[TASK DESCRIPTION]
The data below is to be set down again exactly as written.

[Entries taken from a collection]
——

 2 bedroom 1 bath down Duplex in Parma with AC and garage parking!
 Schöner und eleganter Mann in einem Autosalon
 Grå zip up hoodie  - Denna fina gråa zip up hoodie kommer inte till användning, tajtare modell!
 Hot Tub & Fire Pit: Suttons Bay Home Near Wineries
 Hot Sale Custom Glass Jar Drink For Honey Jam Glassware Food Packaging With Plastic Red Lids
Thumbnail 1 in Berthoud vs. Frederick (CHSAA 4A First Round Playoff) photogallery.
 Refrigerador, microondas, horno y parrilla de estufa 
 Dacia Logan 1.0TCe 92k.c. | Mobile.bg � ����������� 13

——

[OUTPUT OF THE EXERCISE]
 2 bedroom 1 bath down Duplex in Parma with AC and garage parking!
 Schöner und eleganter Mann in einem Autosalon
 Grå zip up hoodie  - Denna fina gråa zip up hoodie kommer inte till användning, tajtare modell!
 Hot Tub & Fire Pit: Suttons Bay Home Near Wineries
 Hot Sale Custom Glass Jar Drink For Honey Jam Glassware Food Packaging With Plastic Red Lids
Thumbnail 1 in Berthoud vs. Frederick (CHSAA 4A First Round Playoff) photogallery.
 Refrigerador, microondas, horno y parrilla de estufa 
 Dacia Logan 1.0TCe 92k.c. | Mobile.bg � ����������� 13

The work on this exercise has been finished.